Mutual Fund is an investment company that pools the savings of many individual investors who share a common financial goal. These investors buy shares of a particular mutual fund that has a defined investment objectives and investment strategies. The price of a mutual fund share is its net asset (total assets less total liabilities) divided by the number of shares outstanding. This figure computed and published daily, is the mutual fund’s Net Asset Value Per Share (NAVPS).

(..whatever Yaya..)

I am thinking to invest again in Mutual Funds in Sun Life Equity Bond. I joined last year and pulled my money out after six months. Coz I needed badly the cash. With the market status today on the financial crisis, i do not notice any big deflation of NAVPS published daily in www.pse.com.ph (Mutual Fund Section).

It is good to joined when the NAVPS is low so that you can have more shares. I will find timing if NAVPS will go down slightly.

Having a diversified portfolio in Mutual Funds is letting your money grow with risk but without sweat. Letting the money work for you!  When I pulled out the funds I earned Php 1k+ on Php 10k worth of shares. Not bad at all.

Current Sun Life Properity Phil. Equity Fund goes high from Sept 25 to Oct 2. I am just waiting for the timing when good to invest again.

Involving in Mutual Funds have risk - low, medium, and high. Respectively it is Bond, Balanced, and Phil Equity Fund. Read more here Sun Life Prosperity Funds Profiles. If you want to park your cash just like savings you can have it in Mutual Funds Money Market.  You can withdraw it anytime just like ordinary savings in the bank and the interest is included.

Here are the sample computations on the interest you earn on this different type of funds:

NAVPS (Sept 25 to Oct 2) - source www.pse.com.ph - Sun Life Prosperity Fund

————————————————————————————— 

Sample Fund        Sept 25  | Sept 26 |  Sept 29 |  Sept 30 |  Sept 25

————————————————————————————— 

Bond Fund               1.9157   1.9108    1.9157      1.9164       1.9149 

Balanced Fund       1.8469    1.8306   1.8399       1.8410       1.8375

Equity Fund              1.6088   1.5881   1.5881       1.5979       1.5957

Money Market Fund  1.0927 1.0763  1.0762        1.0760       1.0759

————————————————————————————- 

The table above shows the different NAVPS on each fund. Some fund goes up low and some goes up high. Lets compute on the shares if we will try to invest: 

Sample investment is Php 10,000.00 on Sept 25.
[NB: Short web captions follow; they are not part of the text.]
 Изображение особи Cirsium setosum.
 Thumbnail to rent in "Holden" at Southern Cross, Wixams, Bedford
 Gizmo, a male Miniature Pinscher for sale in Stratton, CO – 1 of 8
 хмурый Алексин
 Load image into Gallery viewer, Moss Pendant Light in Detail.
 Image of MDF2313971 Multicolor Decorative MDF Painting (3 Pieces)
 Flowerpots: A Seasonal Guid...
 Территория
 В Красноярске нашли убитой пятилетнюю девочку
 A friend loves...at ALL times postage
The formula to get the number of shares you will have each fund are:

      Investment Amount  divided by NAVPS  =  Number of Shares

 

For Bond Fund: 10,000 / 1.9149 = 5,222.20 shares 

For Balanced Fund :  10,000 / 1.8375 = 5,442.18 shares

For. Equity Fund:  10,000 / 1.5957 =  6,266.84 shares

For Money Market Fund: 10,000 / 1.0759 = 9, 294.54 shares

 

To get the current earnings you will have for Oct 2, here is the formula

   Number of Shares x NAVPS  = Investments for Liquidity

 

For Bond Fund:    5,222.20 shares x 1.9157 = Php 10, 004.17 

For Balanced Fund:  5,442.18 shares x 1.8469 =  Php 10, 051.16

For  Equity Fund:  6,266.84 shares x  1.6088 =  Php 10, 082.09

For Money Market Fund:  9, 294.54 shares x 1.0927 =  Php 10,156.143858

 

As you can see the total money you wlll have in each fund earns different interest on the same 5-day NAVPS.  Each fund has different risk. As stated, the low risk fund is Bond Fund, the medium risk is  Balance Fund, the high risk is Equity Fund.   Take note, the NAVPS will not usually go up. it goes low unexpectedly.
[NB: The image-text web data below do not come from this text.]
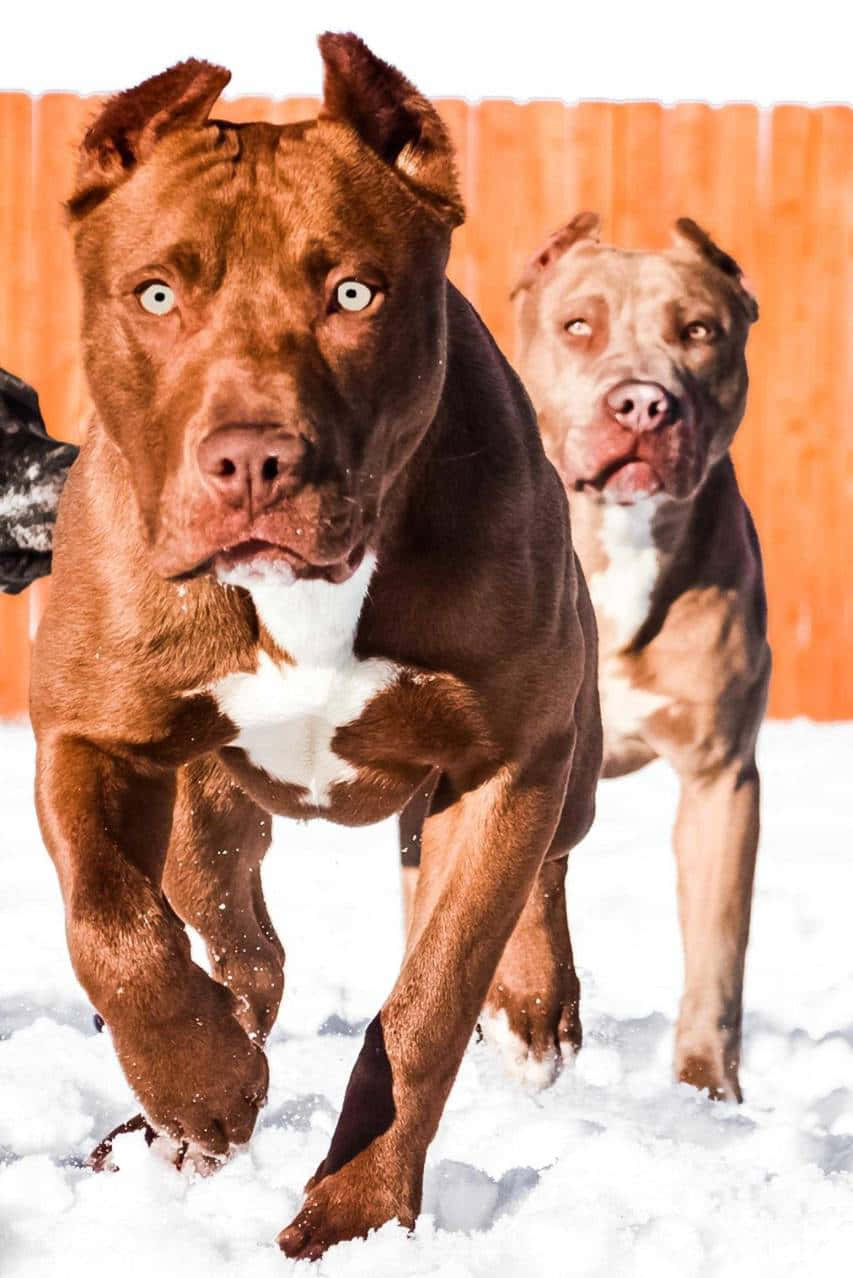 Pitbull, snowy road, deep snow, SD Phone Wallpaper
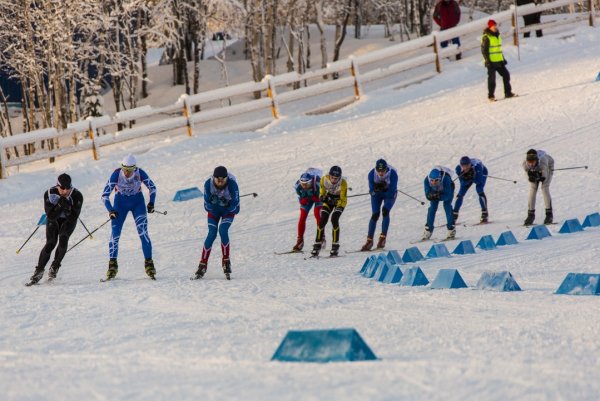 Результаты новогодней гонки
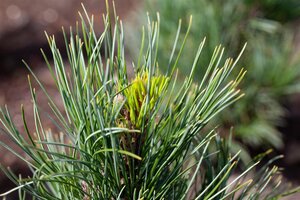 SWISS STONE PINE 70CM - image 1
If you notice the Money Market Fund is performing well today. It earns more thant 10% on its 5-day investment. You can not get this in any bank.   

We cannot predict how the mutual fund perform next days. 
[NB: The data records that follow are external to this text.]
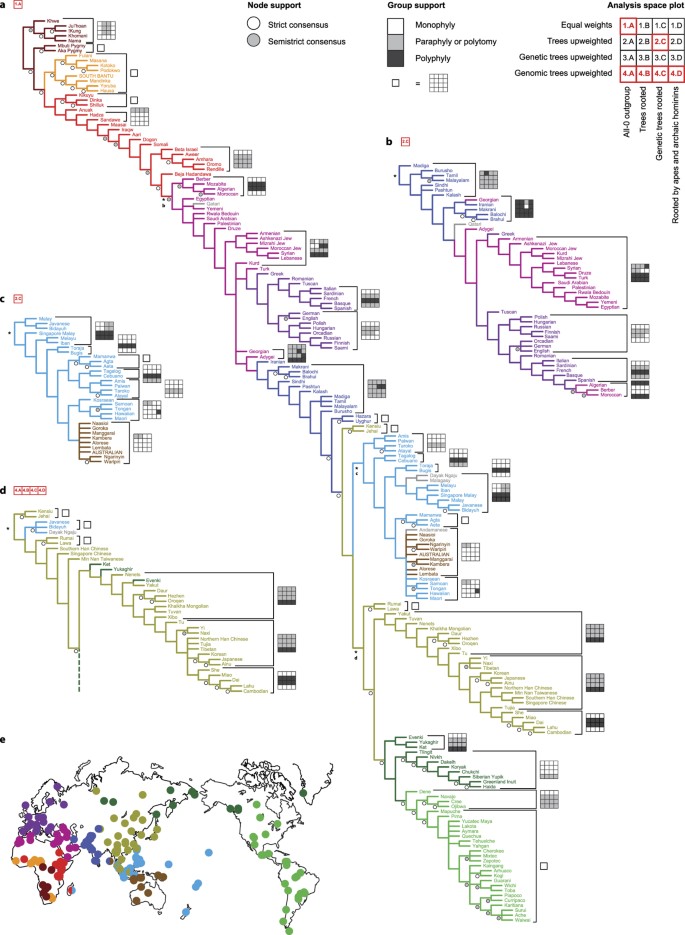 Theoretical evolution tree of deepwoken animal-based races based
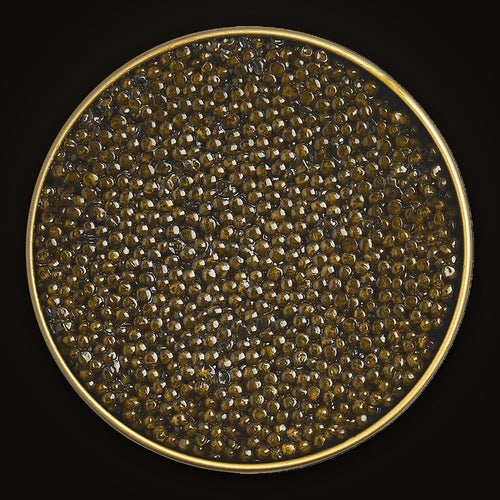 Osetra Special Caviar close-up: the pearls in an open Empero tin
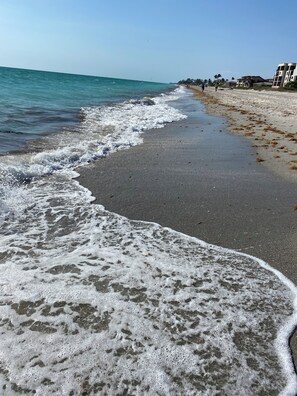 Englewood beach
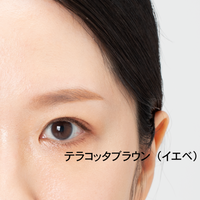 【数量限定】3D-PRO EYEBROW PENCIL&POWDER(3D-プロ アイブロウペンシル&パウダー )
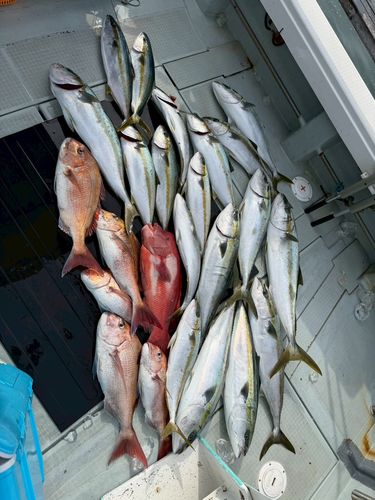 ヒラマサの釣果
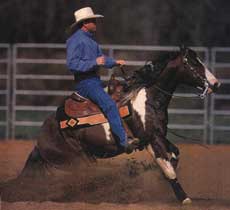 Reining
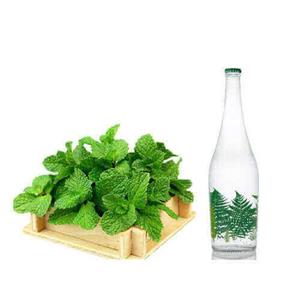 عرق نعناع ممتاز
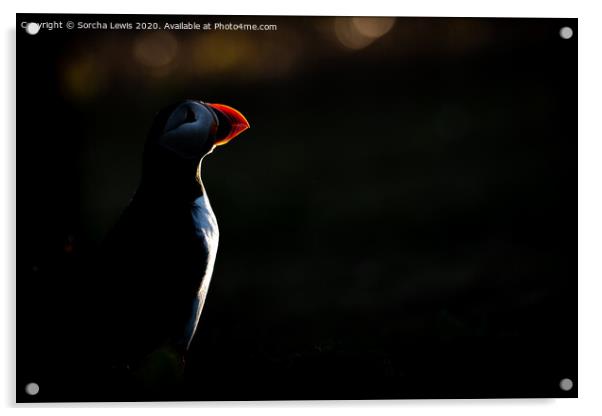 Puffin silhouette  Acrylic by Sorcha Lewis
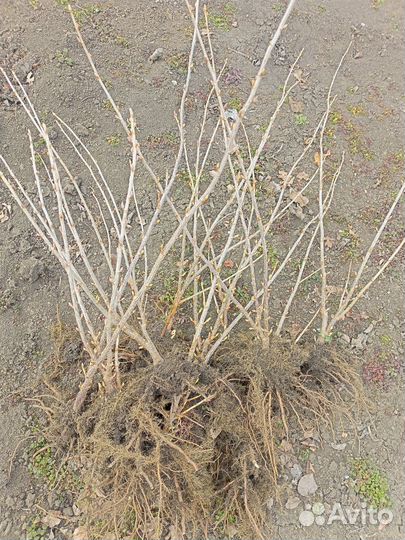 Смородина черная белая красная Крыжовник 3 вида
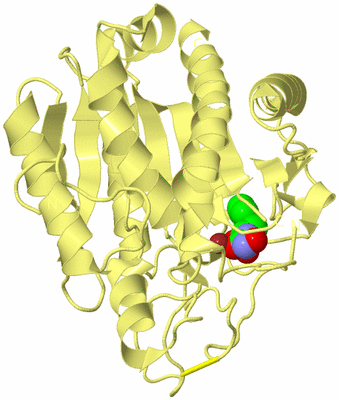 Image Biological Unit 3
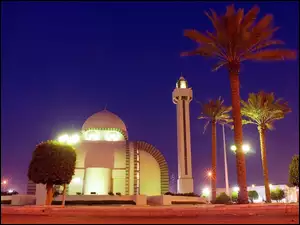 Palmy, Al Khobar, Budynek, Arabia, Wieża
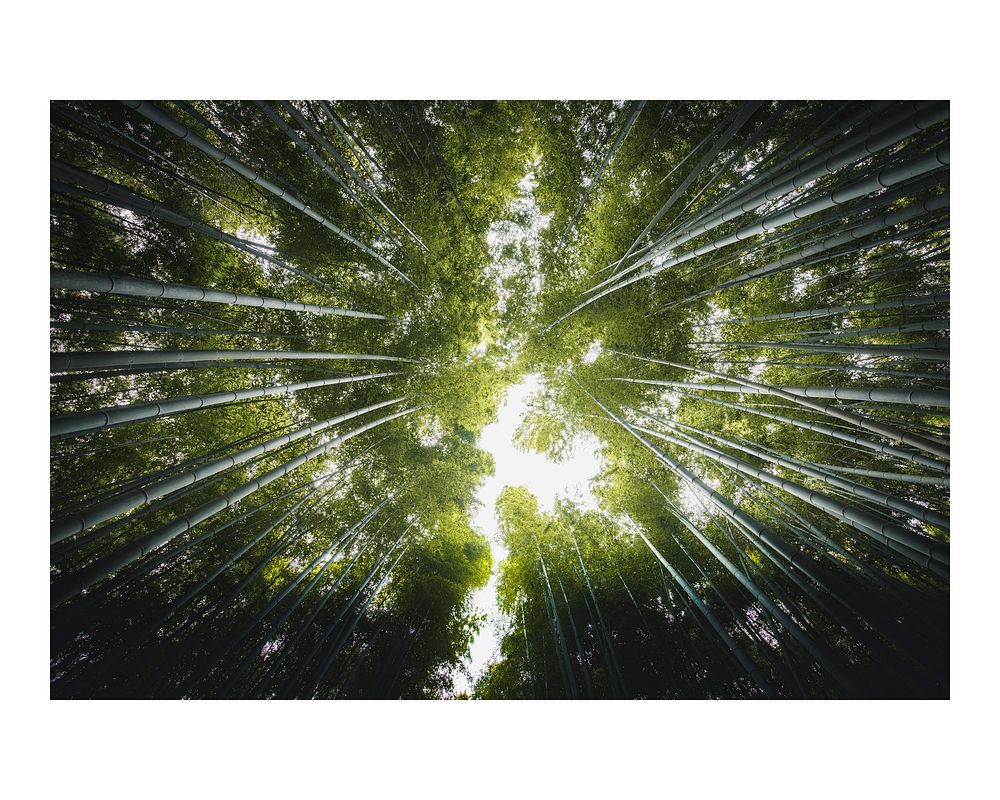 Bamboo forest art print poster, wall decor, low angle view
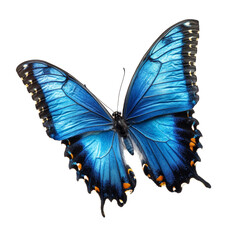 A striking blue butterfly rests elegantly against a pure PNG backdrop, highlighting its intricate wing patterns, beautiful blue butterfly on transparent background
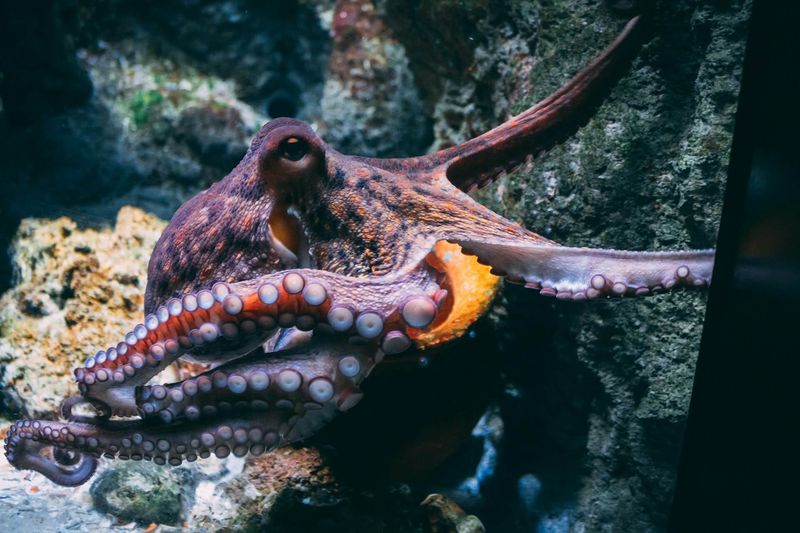 Octopus Arm Sacrifice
Their is also a no-risk type of investment - Time Deposit. I recently applied in BPI DIrect and surely earn on 35 days term amounting to 25 pesos! lol. I will use this as a revolving fund / compounding interest / reinvesting the cash return for several decades. (^_^)

In investing your money, put it mind these quotations:

   The higher the risk, the higher the returns.

 And

Don’t put all your eggs in one basket.

is a idiomatic phrase meaning that one should not focus all his or her resources on one hope, possibility or avenue of success.

Have your money or savings diversified not just one portfolio investments.